----- DATASET EXTRACT

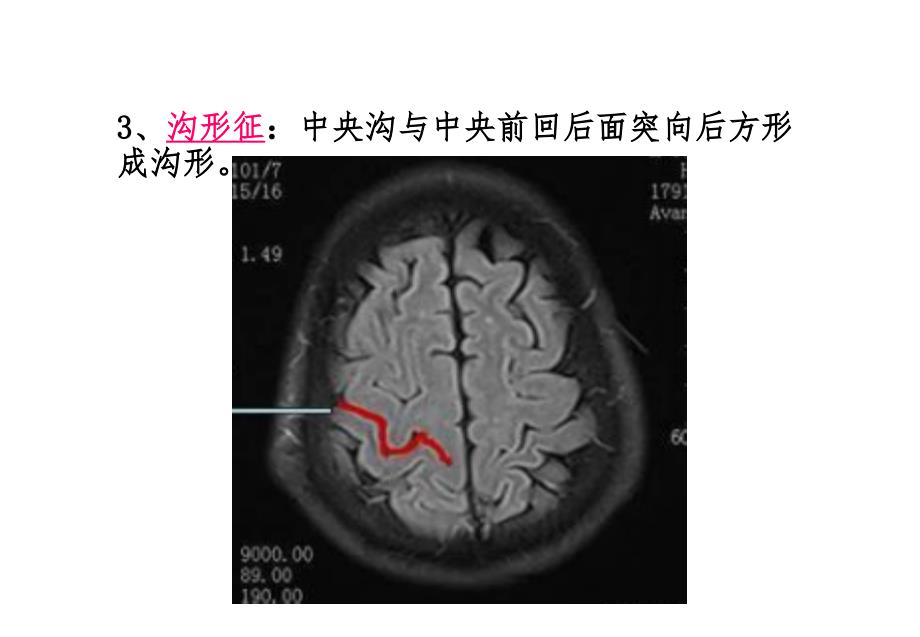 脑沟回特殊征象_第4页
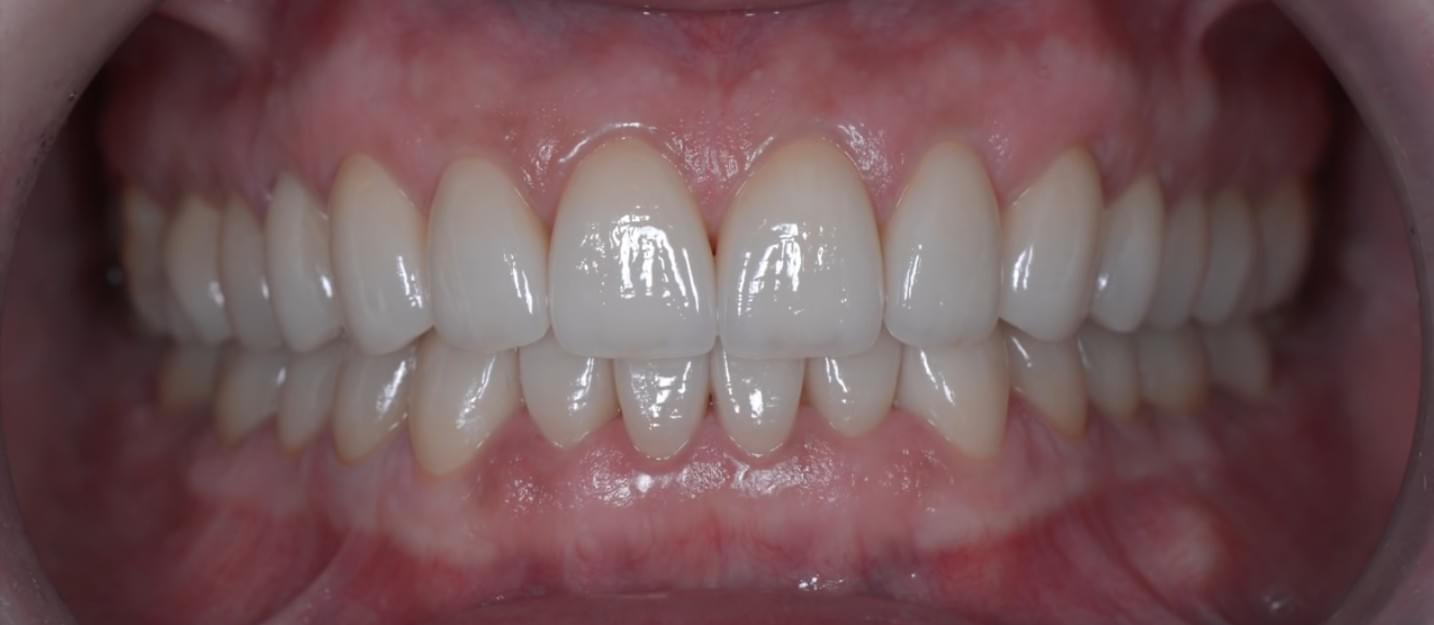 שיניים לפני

----------
----- DATASET EXTRACT

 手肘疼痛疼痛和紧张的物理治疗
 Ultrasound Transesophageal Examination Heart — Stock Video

----------

▶ [WHAT IS BEING ASKED]: Retype the entries above exactly, but only from the line containing "手肘疼痛疼痛和紧张的物理治疗" through the line containing "Ultrasound Transesophageal Examination", both included.

▶ [OUTPUT OF THE TASK]:
 手肘疼痛疼痛和紧张的物理治疗
 Ultrasound Transesophageal Examination Heart — Stock Video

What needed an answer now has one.